What is wanted is the full listing, word for word, without its pictures.

● Provided data

________

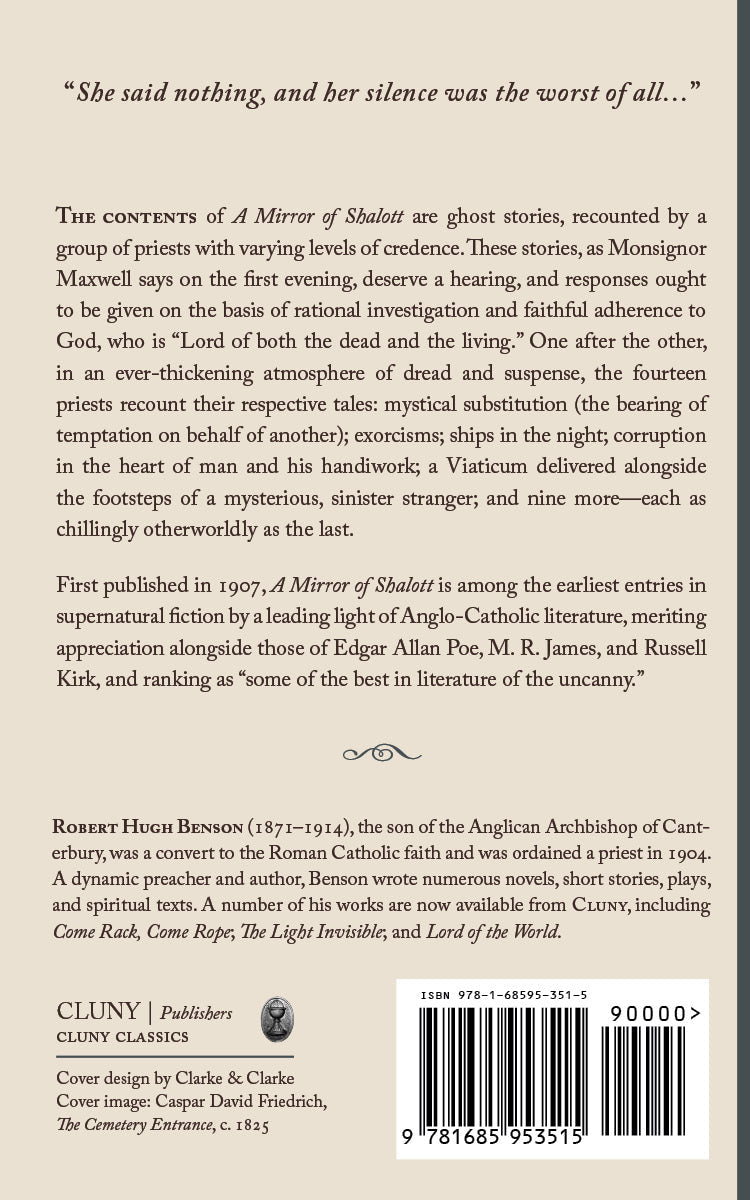 Book back cover with a summary block and barcode at bottom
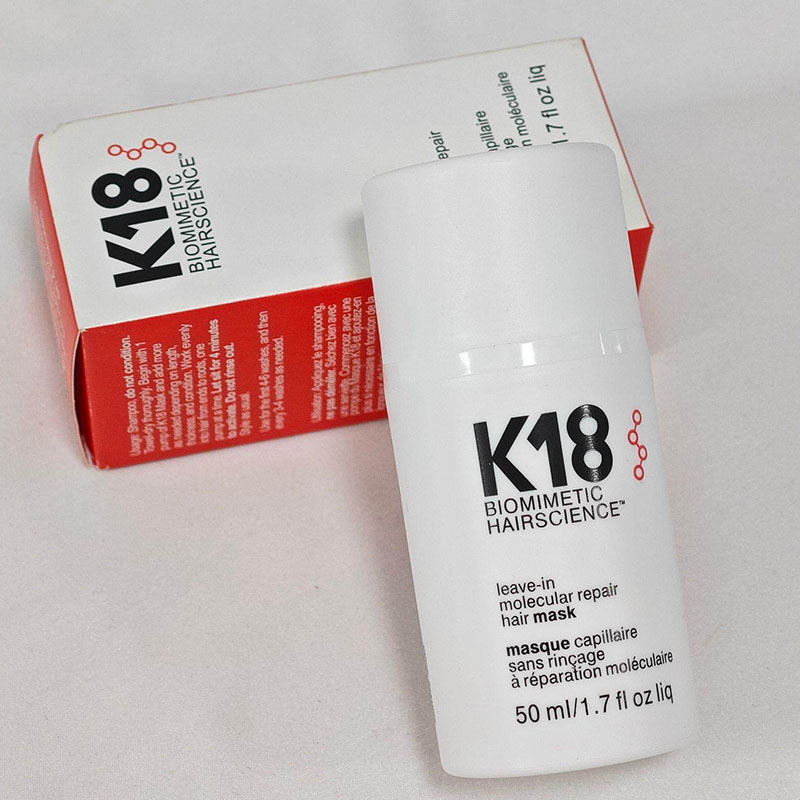 قناع الشعر الجزيئي K18 بحجم 50 - مراجعة Hair Care Keratin Treatment وسعره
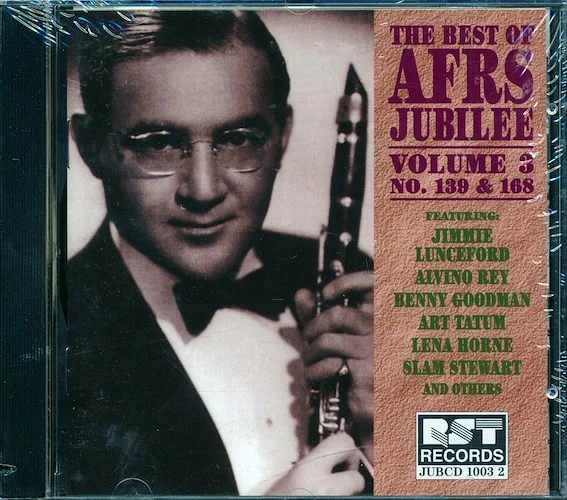 Benny Goodman, Jimmie Lunceford, Lena Horne, Etc. - The Best Of AFRS Jubilee Volume 3 No. 139 And 168 (marked/ltd stock)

________

● Answer to this task
 Book back cover with a summary block and barcode at bottom
 قناع الشعر الجزيئي K18 بحجم 50 - مراجعة Hair Care Keratin Treatment وسعره
 Benny Goodman, Jimmie Lunceford, Lena Horne, Etc. - The Best Of AFRS Jubilee Volume 3 No. 139 And 168 (marked/ltd stock)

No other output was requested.